Avant Caen-Marseille, portrait de N’Golo Kanté

Le Caennais N’Golo Kanté, révélation de ce début de saison en Ligue 1, n’a que vingt-trois ans et deux saisons en pro derrière lui. Portrait d’un petit phénomène.

Les belles histoires se ressemblent toutes, quelque part. Une explosion, souvent inopinée, abrite un cheminement, toujours atypique, parfois anormal.
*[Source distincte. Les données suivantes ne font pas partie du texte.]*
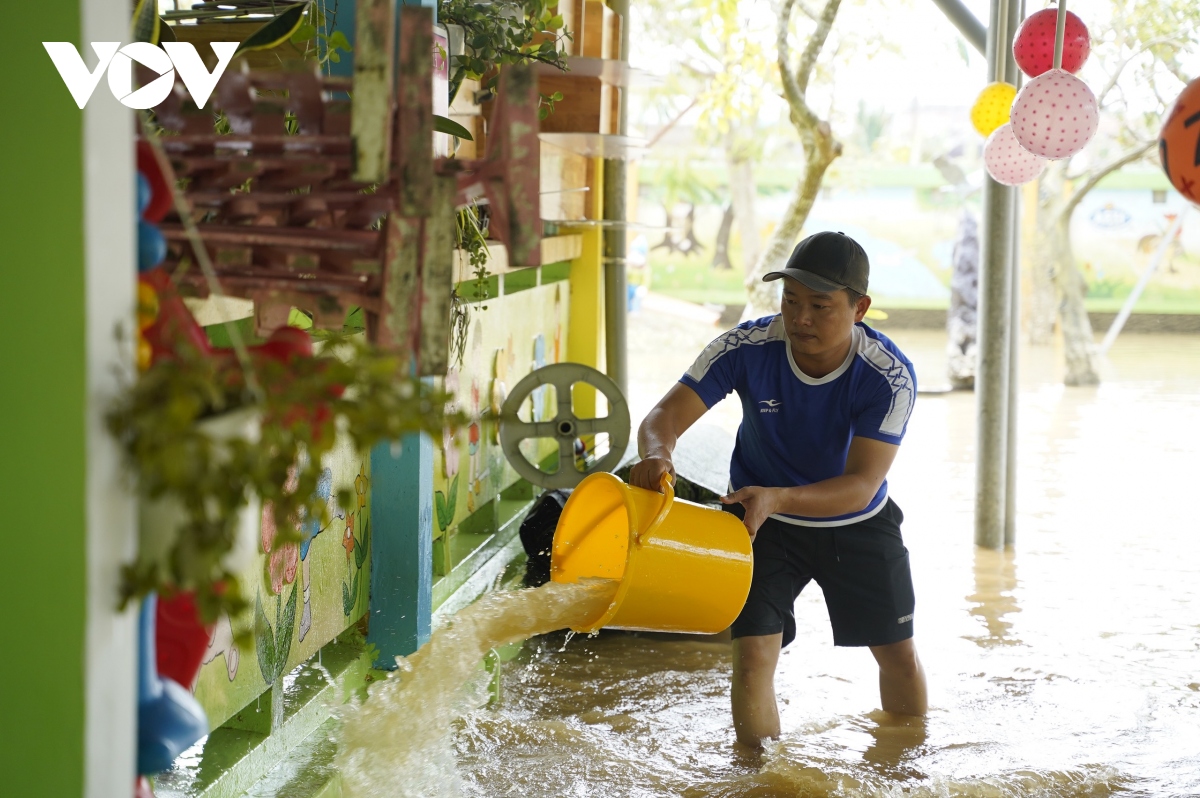 Nhiều trường tại Thừa Thiên Huế chưa thể đón học sinh trở lại sau mưa lũ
N’Golo Kanté a vraiment le profil de l’heureux protagoniste. Ce jeune Franco-malien de vingt-trois printemps ne se serait jamais projeté dans l’univers d’un joueur de foot pro, il y a encore quatre ans, lorsqu’il écumait les pelouses d’Ile-de-France avec son petit club de Suresnes. Avant qu’il ne tape dans l’œil de l’US Boulogne pour monter d’un cran, le foot était la récréation de son quotidien. Dans le Nord, le jeune homme a brillé, pour ensuite s’immiscer dans l’univers du haut niveau grâce à Caen, mais rien n’a changé. À contempler son expression et sa félicité, la récréation continue.
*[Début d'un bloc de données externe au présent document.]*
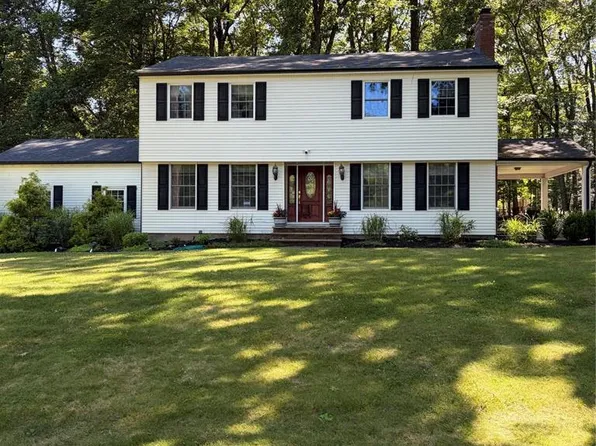 61 Heather Hill Ln, Woodcliff Lake, NJ 07677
Il suffit de visionner une seule rencontre de ce milieu de terrain pour reconnaître sa patte. Son morphotype est peu commun, déjà. 1m69, et un gabarit trapu d’apparence, pas vraiment orthodoxe pour s’inscrire dans les joutes physiques du foot français. La saison dernière, N’Golo Kanté a pourtant illuminé l’antichambre en portant Caen sur ses épaules dans la rude Ligue 2, dès son arrivée, et jusqu’au terme d’une campagne salvatrice pour le club normand. On dit que le haut niveau n’a pas de frontière, le saut à l’étage supérieur s’est donc fait naturellement. Ce type de trajectoire atypique est devenu un grand classique ces dernières années, mais il fait toujours son effet. En Ligue 1, les prestations de Kanté étonnent. Son style, lui, détonne.

Le Caennais possède toute la palette du milieu moderne. Dans les phases offensives, son explosivité fait des ravages pour transpercer les lignes et créer un décalage. Sa façon d’éliminer est très saillante. Sans fioriture, sans joga bonito, et parfois même sans dribble avéré, Kanté dépose son adversaire sur un contrôle et un changement d’appui. Sa technique en mouvement et son centre de gravité fluidifient ce jeu à base d’accélérations régulières, avec un perpétuel dépassement de fonction, et c’est certainement la pire des données pour un tacticien perfectionniste, parce qu'elle casse tous les plans.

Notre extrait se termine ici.